Caption-style text data
• • • •

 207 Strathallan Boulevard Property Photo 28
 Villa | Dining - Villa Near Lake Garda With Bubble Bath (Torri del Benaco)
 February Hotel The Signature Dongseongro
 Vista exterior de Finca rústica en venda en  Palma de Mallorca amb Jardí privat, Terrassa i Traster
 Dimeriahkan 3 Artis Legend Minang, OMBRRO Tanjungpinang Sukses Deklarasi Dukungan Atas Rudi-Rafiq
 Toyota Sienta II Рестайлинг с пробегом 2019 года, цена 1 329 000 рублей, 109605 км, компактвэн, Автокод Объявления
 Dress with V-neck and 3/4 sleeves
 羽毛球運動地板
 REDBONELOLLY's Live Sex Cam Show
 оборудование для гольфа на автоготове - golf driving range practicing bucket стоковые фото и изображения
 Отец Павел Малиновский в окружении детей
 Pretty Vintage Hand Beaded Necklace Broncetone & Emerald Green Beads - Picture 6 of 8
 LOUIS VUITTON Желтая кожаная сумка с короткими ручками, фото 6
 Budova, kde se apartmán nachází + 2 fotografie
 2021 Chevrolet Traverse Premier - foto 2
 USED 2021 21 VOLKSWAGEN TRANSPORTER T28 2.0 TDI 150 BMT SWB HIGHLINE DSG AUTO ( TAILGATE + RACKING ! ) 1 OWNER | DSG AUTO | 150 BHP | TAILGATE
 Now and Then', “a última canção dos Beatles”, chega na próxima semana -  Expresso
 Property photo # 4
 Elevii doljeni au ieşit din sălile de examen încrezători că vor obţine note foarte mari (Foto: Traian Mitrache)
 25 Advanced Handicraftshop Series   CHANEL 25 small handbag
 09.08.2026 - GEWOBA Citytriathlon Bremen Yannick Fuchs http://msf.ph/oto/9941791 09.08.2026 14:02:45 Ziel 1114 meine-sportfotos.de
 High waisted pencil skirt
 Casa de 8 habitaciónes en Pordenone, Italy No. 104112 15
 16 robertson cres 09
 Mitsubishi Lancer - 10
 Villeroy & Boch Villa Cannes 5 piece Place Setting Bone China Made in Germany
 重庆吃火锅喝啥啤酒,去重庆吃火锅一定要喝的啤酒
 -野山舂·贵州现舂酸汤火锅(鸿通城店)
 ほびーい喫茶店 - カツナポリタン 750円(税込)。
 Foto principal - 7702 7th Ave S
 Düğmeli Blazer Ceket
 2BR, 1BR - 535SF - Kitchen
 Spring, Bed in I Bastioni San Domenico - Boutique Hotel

• • • •

- Task to complete
Reproduce precisely, and with no line left out, each line from the top of the entries through the line that carries "Pretty Vintage Hand".

- Output of the exercise
 207 Strathallan Boulevard Property Photo 28
 Villa | Dining - Villa Near Lake Garda With Bubble Bath (Torri del Benaco)
 February Hotel The Signature Dongseongro
 Vista exterior de Finca rústica en venda en  Palma de Mallorca amb Jardí privat, Terrassa i Traster
 Dimeriahkan 3 Artis Legend Minang, OMBRRO Tanjungpinang Sukses Deklarasi Dukungan Atas Rudi-Rafiq
 Toyota Sienta II Рестайлинг с пробегом 2019 года, цена 1 329 000 рублей, 109605 км, компактвэн, Автокод Объявления
 Dress with V-neck and 3/4 sleeves
 羽毛球運動地板
 REDBONELOLLY's Live Sex Cam Show
 оборудование для гольфа на автоготове - golf driving range practicing bucket стоковые фото и изображения
 Отец Павел Малиновский в окружении детей
 Pretty Vintage Hand Beaded Necklace Broncetone & Emerald Green Beads - Picture 6 of 8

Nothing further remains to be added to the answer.